Relax (chiarenza & hauser & co)
je suis une femme pourquoi pas vous?, 1995–2001
«je suis une femme pourquoi pas vous?» von RELAX (chiarenza & hauser & co; seit 1983) zeigt eine selbstbewusste Frau, die mit energischem Schritt und einer Axt über der rechten Schulter vorwärts marschiert. Sie blickt dabei siegessicher ihr Gegenüber an. Ihre knallrote Jacke aus Lack, darunter ihr kleines Schwarzes, ihre hohen Schuhe und ihr Lippenstift – in Rot – sind alles Elemente, die ihrer Persönlichkeit Ausdruck verleihen. Gleichzeitig werden diese Attribute von der Gesellschaft als feminin-erotisch konnotiert.
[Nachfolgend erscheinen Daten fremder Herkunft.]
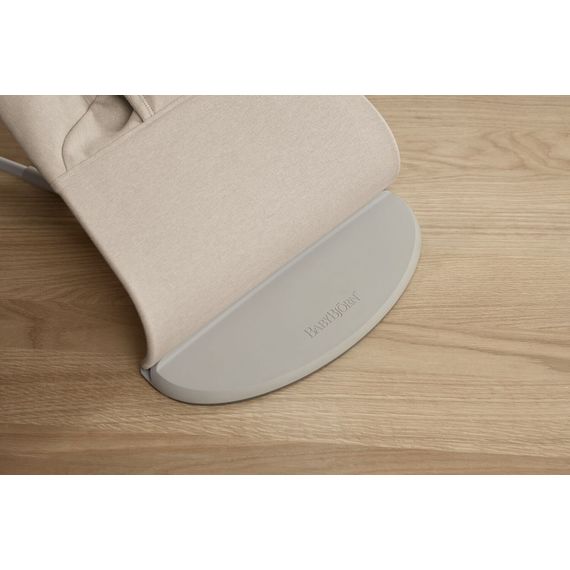 BabyBjorn Bliss Woven Světle béžový melanž, Rodzaj: Woven, Kolor: Jasny Beż melanż, 30 zdjęcie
Die Frau, wofür die Künstlerin Marie-Antoinette Chiarenza selbst als Modell diente, steht im starken Kontrast zu der männlichen Figur, die auf dem Gemälde im Hintergrund dargestellt ist. Es handelt sich um Ferdinand Hodlers legendär gewordenem «Holzfäller» von 1910, und zwar um die Version, die im Entstehungsjahr des Gemäldes von der Schweizerischen Eidgenossenschaft angekauft wurde. Die Szene spielt sich im Depot des Kunstmuseums Bern ab. Ikonisch wurde das Holzfällermotiv des Schweizer Malers Ferdinand Hodler (1853 – 1918) zum einen deshalb, weil es 1908 von ihm für eine neue 50-Franken-Banknote entworfen wurde und in den folgenden Jahrzehnten schweizweit omnipräsent war. Zum anderen aber auch, weil das Motiv zum Sinnbild «urschweizerischer» Charaktereigenschaften mutierte, das Bodenständigkeit und Willenskraft ausdrückt. Im kollektiven Gedächtnis verankert, wird das wirkungsmächtige Bild immer wieder für öffentliche Kampagnen unterschiedlicher politischer Haltungen instrumentalisiert.1
Für RELAX verkörpern dieses Sujet und ihr Urheber konservative, patriarchale Werte, die es zu überwinden gilt. Der Titel des Werks «je suis une femme pourquoi pas vous?» verweist auf eine feministische Parole, die im Zuge der 68er-Bewegung auf den Mauern von Paris zu lesen war. Ästhetische Kriterien reichen heute nicht mehr aus, um über die Stellung von Kunstschaffenden nachzudenken. Ökonomische Aspekte und Deutungshoheiten müssen ebenfalls berücksichtigt werden: Wer kauft was und bei wem? Wer stellt was aus? Aber auch die Frage «Was befindet sich heute in den Depots der Museen und was wird sichtbar ausgestellt?» ist für RELAX relevant und sollte es auch für uns sein. 2
2001 wurde ein Abzug der Fotografie anlässlich der Ausstellung «Die Kunst der Mobiliar. Innovation und Tradition» im Kunstmuseum Bern als Gegenüberstellung mit der «Holzfäller»-Version in der Sammlung der Mobiliar gezeigt, wodurch das Werksein Enddatum erhielt. 3 Der vorliegende fotografische Abzug wurde hingegen eigens für die Ausstellung «Apropos Hodler. Aktuelle Blicke auf eine Ikone» in einem neuen Format hergestellt. Das ebenfalls angekaufte Diptychon als fotografische Skizze mit dem gleichnamigen Werktitel zeigt verschiedene Varianten des Motivs zusammen mit der Endfassung und wurde ebenfalls eigens für die Ausstellung im Kunsthaus gefertigt. Das Werk von RELAX ist hier als Aufforderung zur kritischen Reflexion über die patriarchal geprägte Gesellschaft in allen Lebensbereichen bis hin zur Kunstgeschichte zu verstehen.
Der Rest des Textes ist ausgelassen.